Stored data entries:

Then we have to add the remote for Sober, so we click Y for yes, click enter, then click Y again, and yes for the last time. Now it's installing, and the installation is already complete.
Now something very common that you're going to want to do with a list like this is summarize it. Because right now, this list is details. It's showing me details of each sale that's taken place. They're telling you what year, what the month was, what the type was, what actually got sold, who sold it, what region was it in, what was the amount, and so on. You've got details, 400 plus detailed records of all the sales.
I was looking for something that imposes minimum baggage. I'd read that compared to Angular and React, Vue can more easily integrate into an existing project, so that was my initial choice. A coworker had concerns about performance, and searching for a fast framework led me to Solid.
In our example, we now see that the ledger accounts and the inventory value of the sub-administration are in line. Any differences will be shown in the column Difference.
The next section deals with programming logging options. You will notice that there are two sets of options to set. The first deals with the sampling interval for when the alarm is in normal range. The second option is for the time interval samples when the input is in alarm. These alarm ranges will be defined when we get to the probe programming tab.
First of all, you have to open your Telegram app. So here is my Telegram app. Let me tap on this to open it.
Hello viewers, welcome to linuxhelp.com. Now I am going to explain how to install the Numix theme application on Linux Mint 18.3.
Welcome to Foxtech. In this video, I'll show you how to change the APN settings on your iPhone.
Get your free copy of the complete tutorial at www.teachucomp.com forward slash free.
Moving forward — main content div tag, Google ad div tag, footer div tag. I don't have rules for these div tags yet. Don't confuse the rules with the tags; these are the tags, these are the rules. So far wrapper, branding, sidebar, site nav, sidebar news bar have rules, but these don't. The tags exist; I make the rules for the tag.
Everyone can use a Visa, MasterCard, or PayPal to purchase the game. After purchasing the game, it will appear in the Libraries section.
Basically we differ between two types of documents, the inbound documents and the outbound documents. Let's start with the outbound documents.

Aim of the exercise:
Lines containing the word "forward" are to be located in the entries and copied.

Expected answer:
Get your free copy of the complete tutorial at www.teachucomp.com forward slash free.
Moving forward — main content div tag, Google ad div tag, footer div tag. I don't have rules for these div tags yet. Don't confuse the rules with the tags; these are the tags, these are the rules. So far wrapper, branding, sidebar, site nav, sidebar news bar have rules, but these don't. The tags exist; I make the rules for the tag.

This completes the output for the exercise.